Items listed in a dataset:
* * *

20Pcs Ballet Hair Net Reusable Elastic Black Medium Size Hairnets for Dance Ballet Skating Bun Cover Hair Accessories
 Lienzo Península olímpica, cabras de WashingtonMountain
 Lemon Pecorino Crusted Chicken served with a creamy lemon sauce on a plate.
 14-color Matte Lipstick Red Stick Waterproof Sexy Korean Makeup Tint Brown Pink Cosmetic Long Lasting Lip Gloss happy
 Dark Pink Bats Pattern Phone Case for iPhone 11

* * *

Instructions for the task
Using only the entries above, output the line with "Lienzo Península olímpica, cabras", the line with "14-color Matte Lipstick", and all lines between them, exactly as they stand.

Task solution
 Lienzo Península olímpica, cabras de WashingtonMountain
 Lemon Pecorino Crusted Chicken served with a creamy lemon sauce on a plate.
 14-color Matte Lipstick Red Stick Waterproof Sexy Korean Makeup Tint Brown Pink Cosmetic Long Lasting Lip Gloss happy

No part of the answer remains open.